WHAT THE EXERCISE ASKS:
Take the line with "Customer portal solution" and every line after it, through the end of the listing, and give them again exactly, pictures excluded.

LISTED RECORDS:

-----

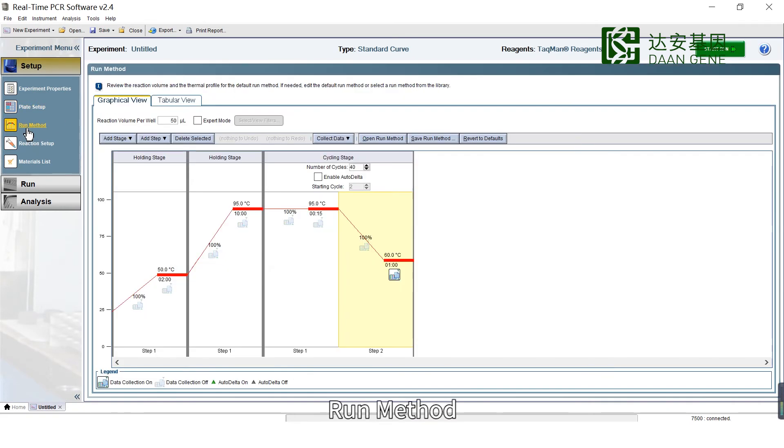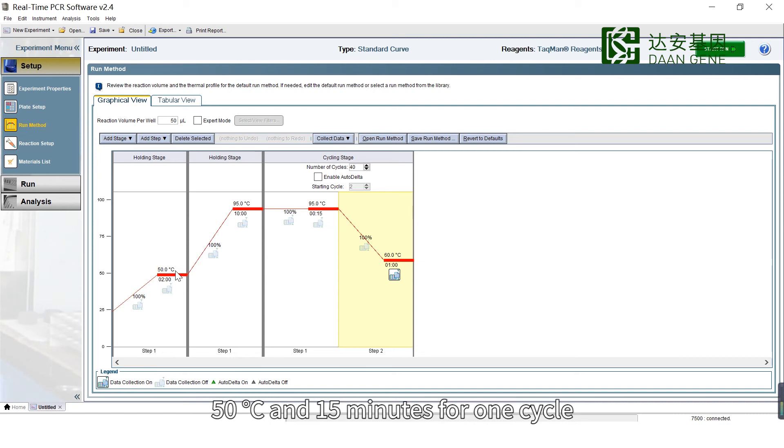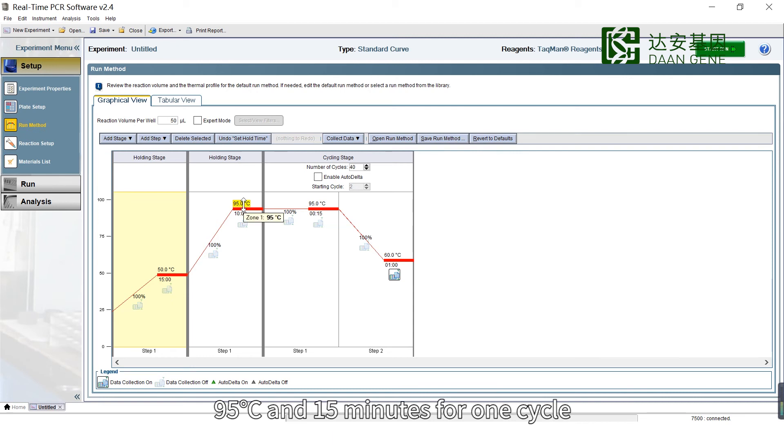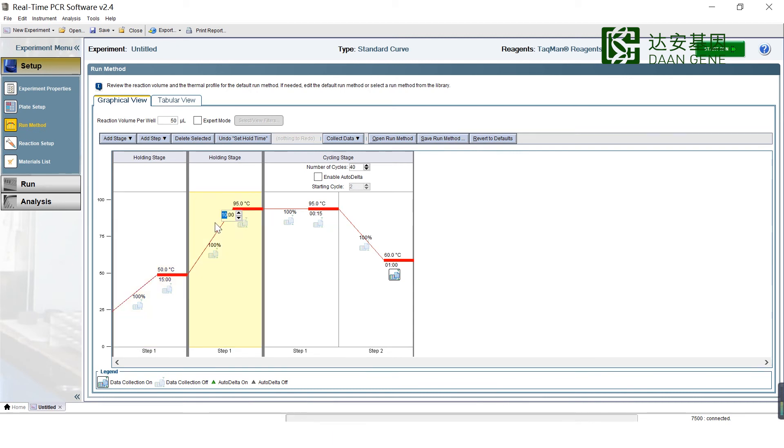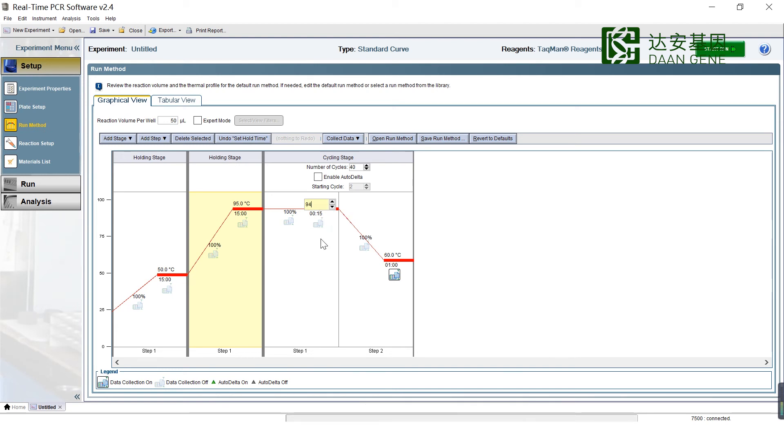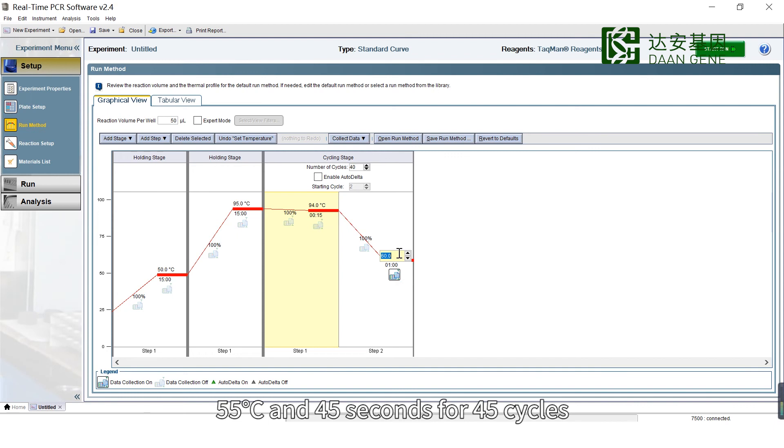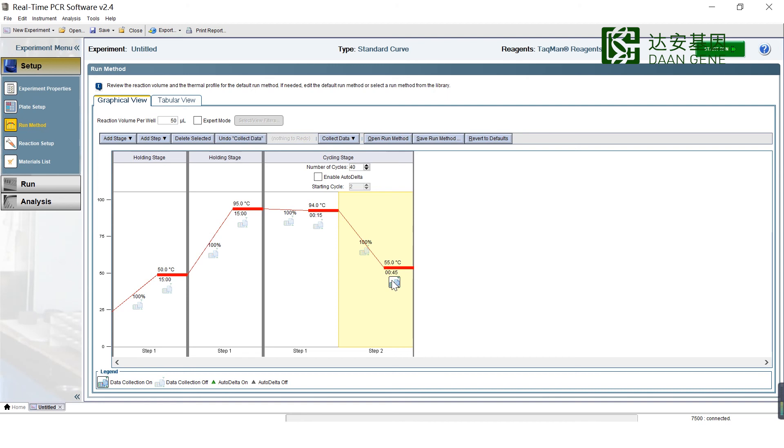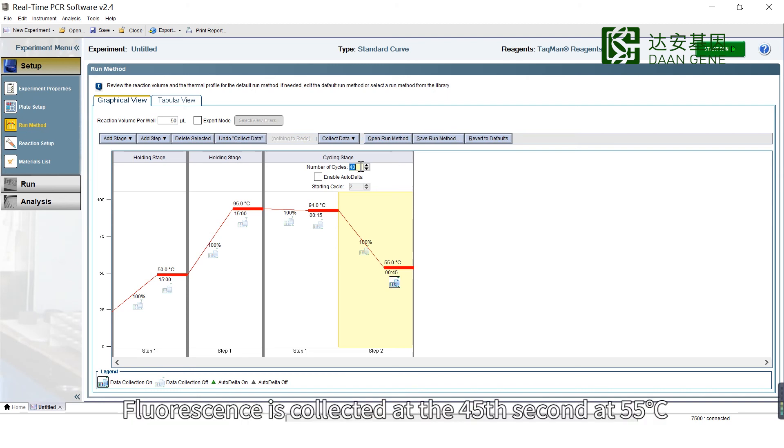Run Method. Configure the thermal cycling protocol: 50 degrees for 15 minutes for one cycle, 95 degrees for 15 minutes for one cycle, then 94 degrees for 15 seconds and 55 degrees for 45 seconds for 45 cycles. Fluorescence is collected at the 45th second at 55 degrees.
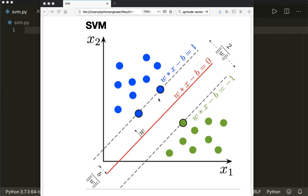If you have a look at this image, we want to find a hyperplane. The hyperplane has to satisfy this equation: w times x minus b equals zero. We want to find the hyperplane so that the distance to both classes is maximized. We use class plus one here and minus one here, so this margin should be maximized.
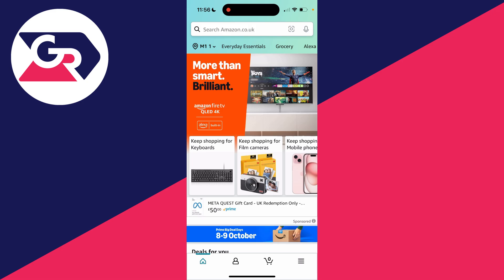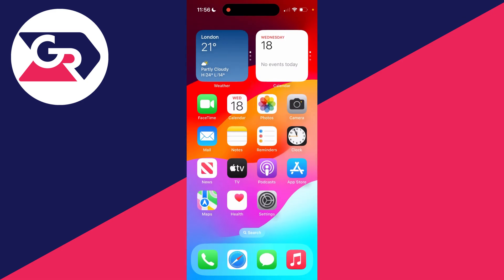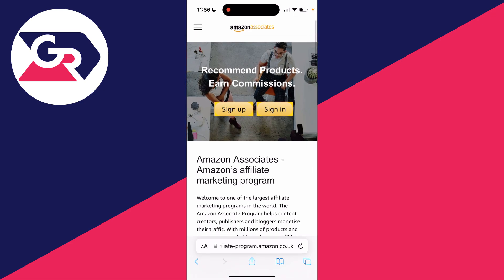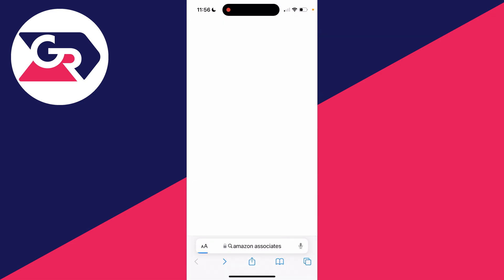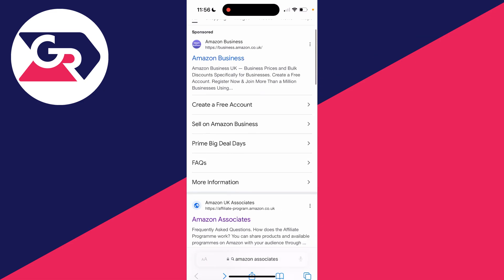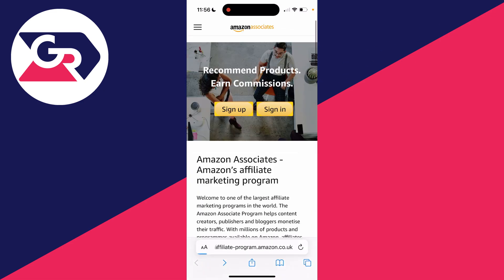First of all, you do need to be a part of the Amazon Associates program, which is how you can get affiliate links. If you aren't already, just go and search for Amazon Associates and create an account.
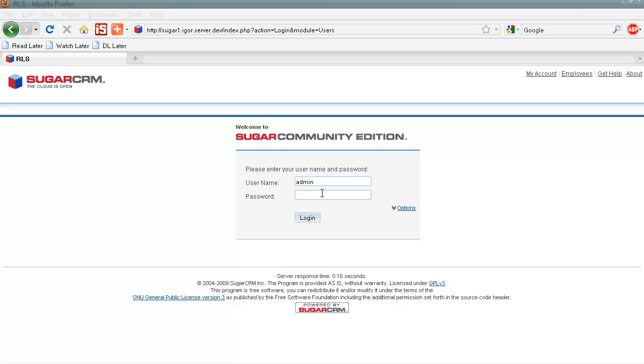Customer portal solution administration in SugarCRM. First of all, we log in as administrator to SugarCRM.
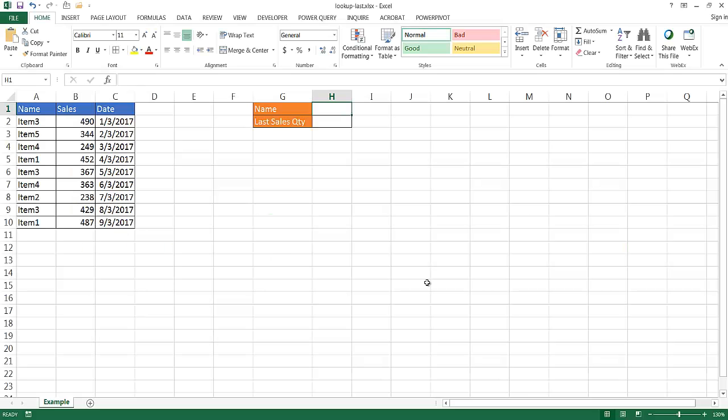Hi, and this is it. I'm going to show you how to perform a lookup and return the last value in a list or a range. So let's say, for example, we want to look up item 3 and we want to find out the last value.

-----

ANSWER FOR THIS EXERCISE:
Customer portal solution administration in SugarCRM. First of all, we log in as administrator to SugarCRM.
Hi, and this is it. I'm going to show you how to perform a lookup and return the last value in a list or a range. So let's say, for example, we want to look up item 3 and we want to find out the last value.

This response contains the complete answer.